**Your task:**
Copy every entry exactly as given, minus the images.

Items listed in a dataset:
************
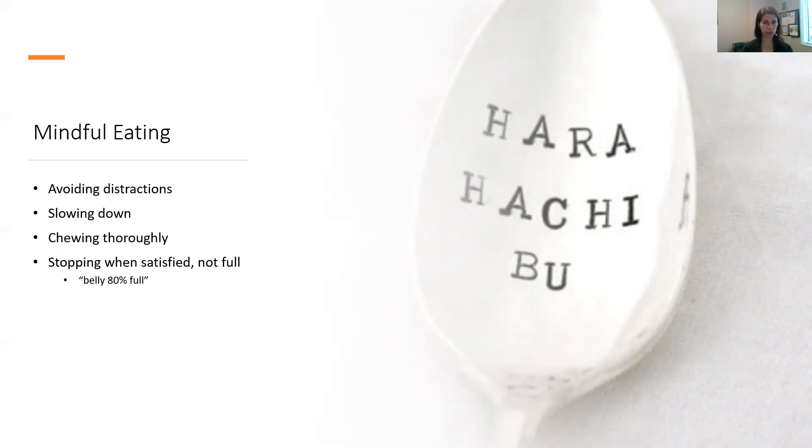Stopping when you feel satisfied, not full. This saying — Hara Hachibu — is an ancient Confucian teaching that means belly 80% full. That culture stops eating when they feel 80% full, and that is kind of something that you're aiming for.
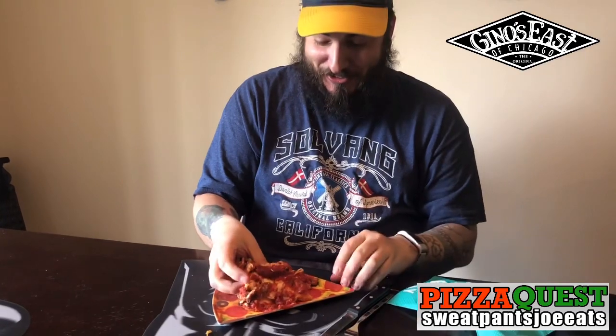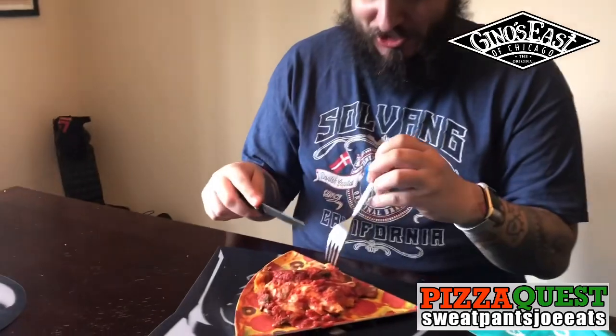Let's try another bite. This is just a mess. I'm gonna have to use a knife and fork for this pizza. I feel it's a shame.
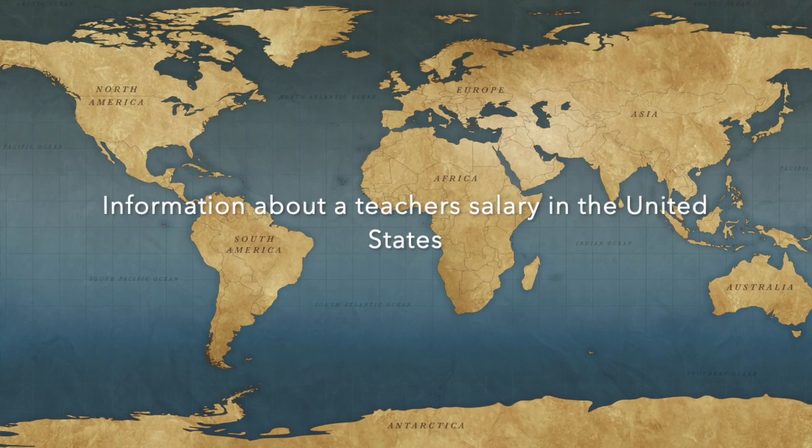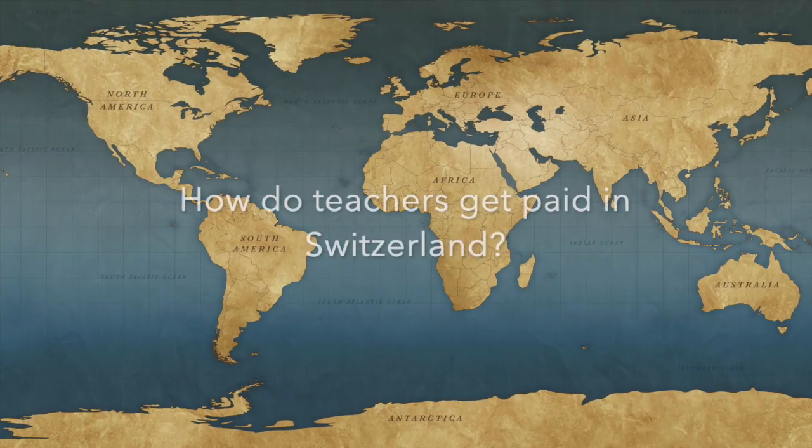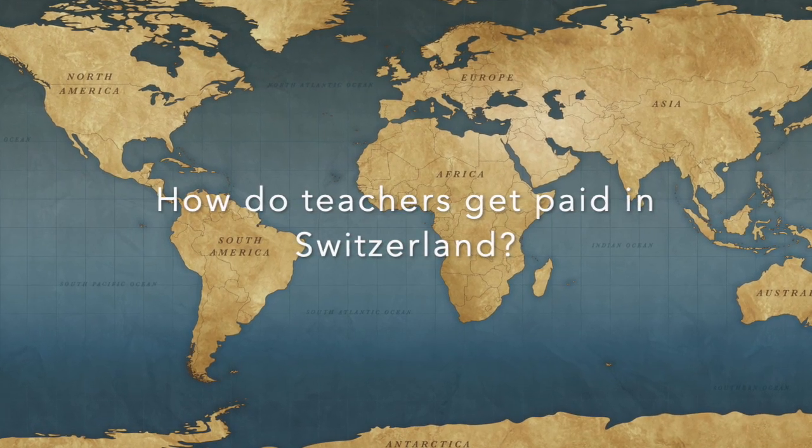The countries we're comparing are the United States, the United Kingdom, and Switzerland. In the United States, 36 states are below the national average of earning $58,000 per year. Switzerland uses a 13-month salary system, meaning an annual salary is paid out in 13 installments — one a month until the end of the year when a worker receives two.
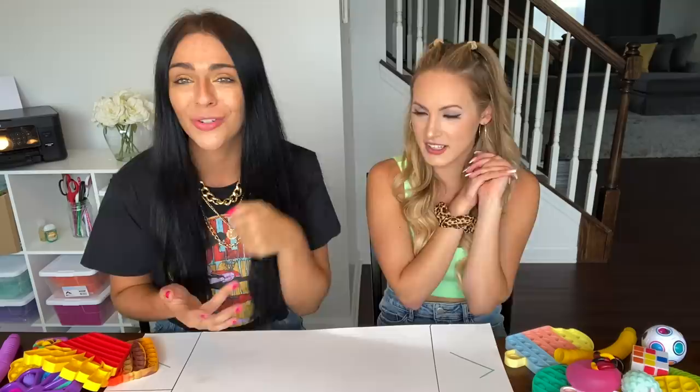We might not know all of the terminology for everything, but we know what's cool. I'll have Kayla's video linked down below — we are filming the trading on her channel as well, so go check it out and subscribe to her channel. Let's hop into the video! We have fidgets to trade. Like this video for a part two of fidget trading!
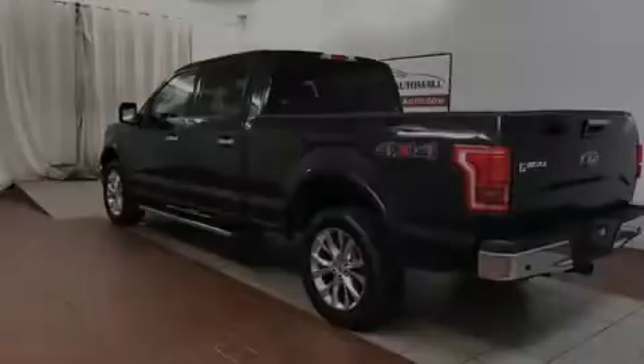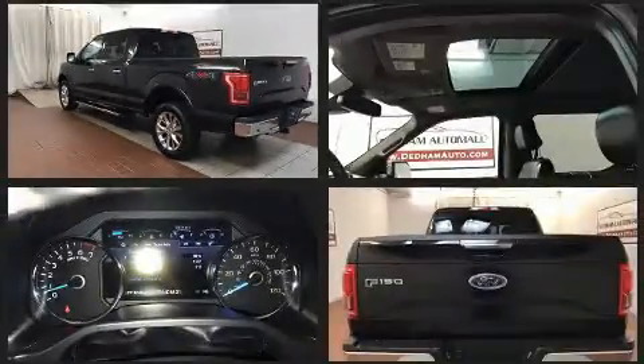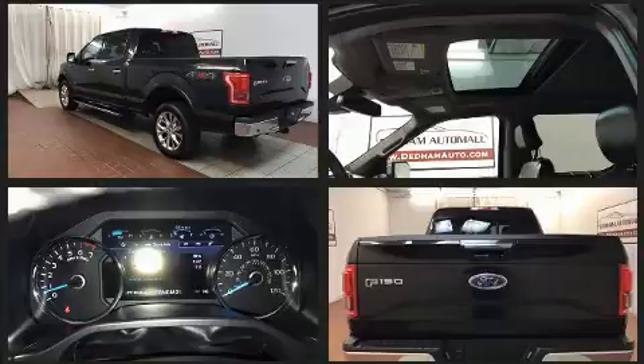Sensibility and practicality define the 2015 Ford F-150. With less than 40,000 miles on the odometer, you'll be sure to appreciate this model's condition and value.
************
**Response area:**
Stopping when you feel satisfied, not full. This saying — Hara Hachibu — is an ancient Confucian teaching that means belly 80% full. That culture stops eating when they feel 80% full, and that is kind of something that you're aiming for.
Let's try another bite. This is just a mess. I'm gonna have to use a knife and fork for this pizza. I feel it's a shame.
The countries we're comparing are the United States, the United Kingdom, and Switzerland. In the United States, 36 states are below the national average of earning $58,000 per year. Switzerland uses a 13-month salary system, meaning an annual salary is paid out in 13 installments — one a month until the end of the year when a worker receives two.
We might not know all of the terminology for everything, but we know what's cool. I'll have Kayla's video linked down below — we are filming the trading on her channel as well, so go check it out and subscribe to her channel. Let's hop into the video! We have fidgets to trade. Like this video for a part two of fidget trading!
Sensibility and practicality define the 2015 Ford F-150. With less than 40,000 miles on the odometer, you'll be sure to appreciate this model's condition and value.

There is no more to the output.